Problem to solve: Print, exactly as they stand, the lines below from the one that has "Pazarlar’da orman yangını" to the one that has "Chemotherapy, Coastal Care", inclusive, leaving out the pictures.

Data listing:
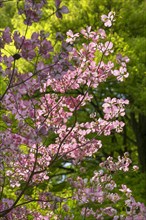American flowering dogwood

* * *

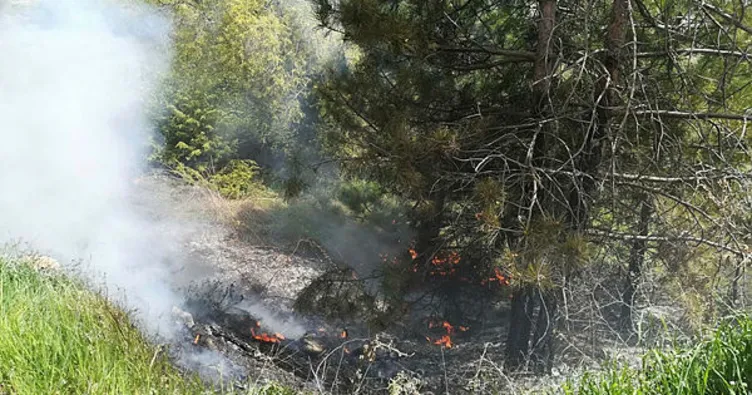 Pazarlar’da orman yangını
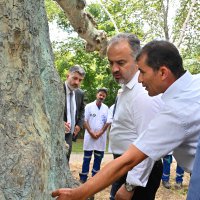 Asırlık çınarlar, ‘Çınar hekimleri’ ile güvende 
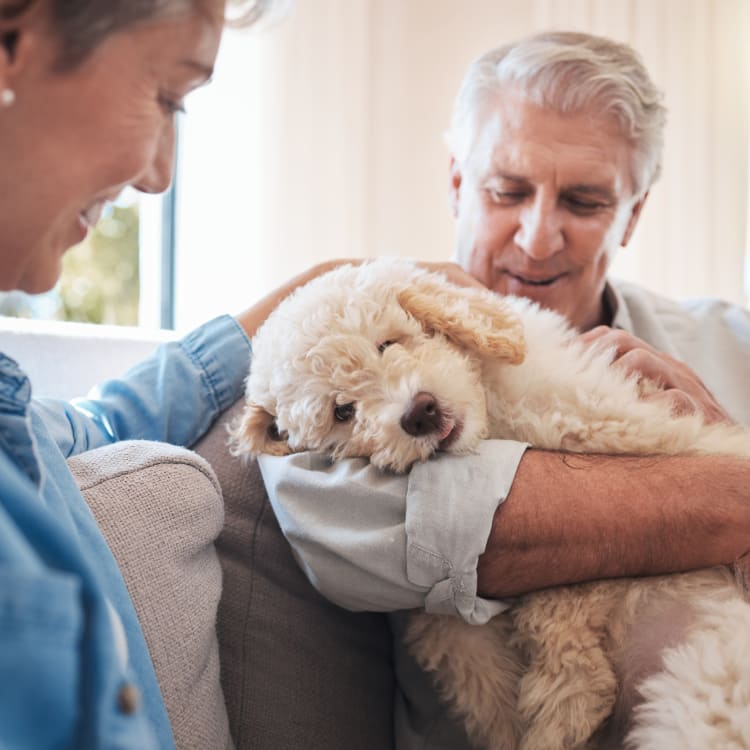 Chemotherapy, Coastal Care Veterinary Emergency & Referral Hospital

Response to the exercise:
 Pazarlar’da orman yangını
 Asırlık çınarlar, ‘Çınar hekimleri’ ile güvende 
 Chemotherapy, Coastal Care Veterinary Emergency & Referral Hospital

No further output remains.